-- Opening Marker --
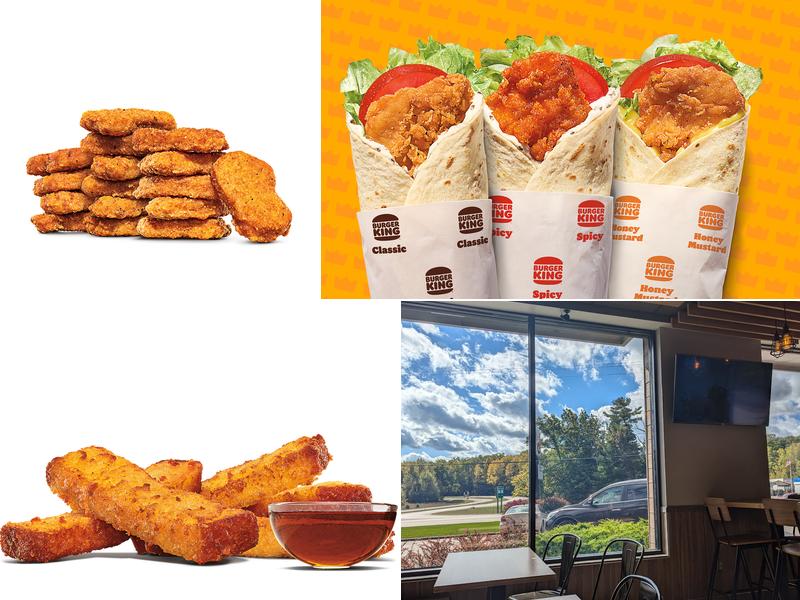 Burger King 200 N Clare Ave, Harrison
-- Closing Marker --
-- Opening Marker --
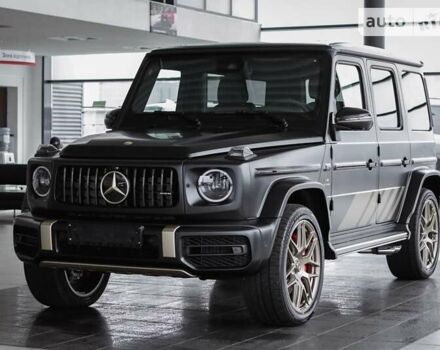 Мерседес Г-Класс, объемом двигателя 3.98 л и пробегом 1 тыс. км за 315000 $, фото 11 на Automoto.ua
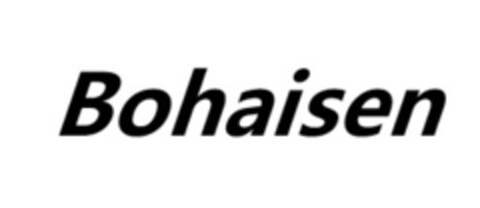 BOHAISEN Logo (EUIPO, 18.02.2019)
-- Closing Marker --
-- Opening Marker --
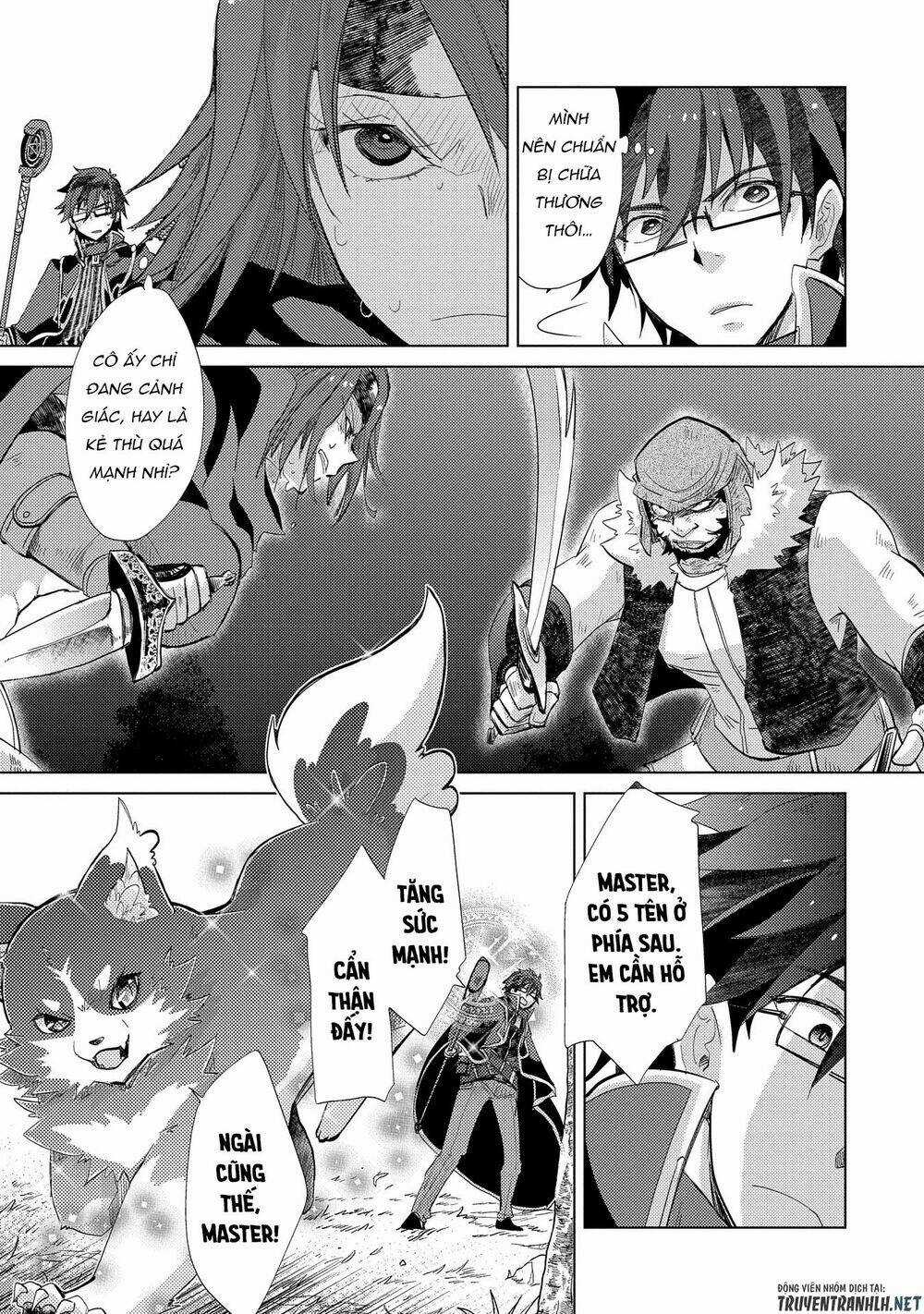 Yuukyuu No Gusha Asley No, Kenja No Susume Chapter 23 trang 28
-- Closing Marker --
(YOUR GOAL): Could the stretch from the line with "Мерседес Г-Класс, объемом" through the line with "BOHAISEN Logo (EUIPO, 18.02.2019)" in the listing above be restated word for word, minus the pictures?

(EXPECTED ANSWER):
 Мерседес Г-Класс, объемом двигателя 3.98 л и пробегом 1 тыс. км за 315000 $, фото 11 на Automoto.ua
 BOHAISEN Logo (EUIPO, 18.02.2019)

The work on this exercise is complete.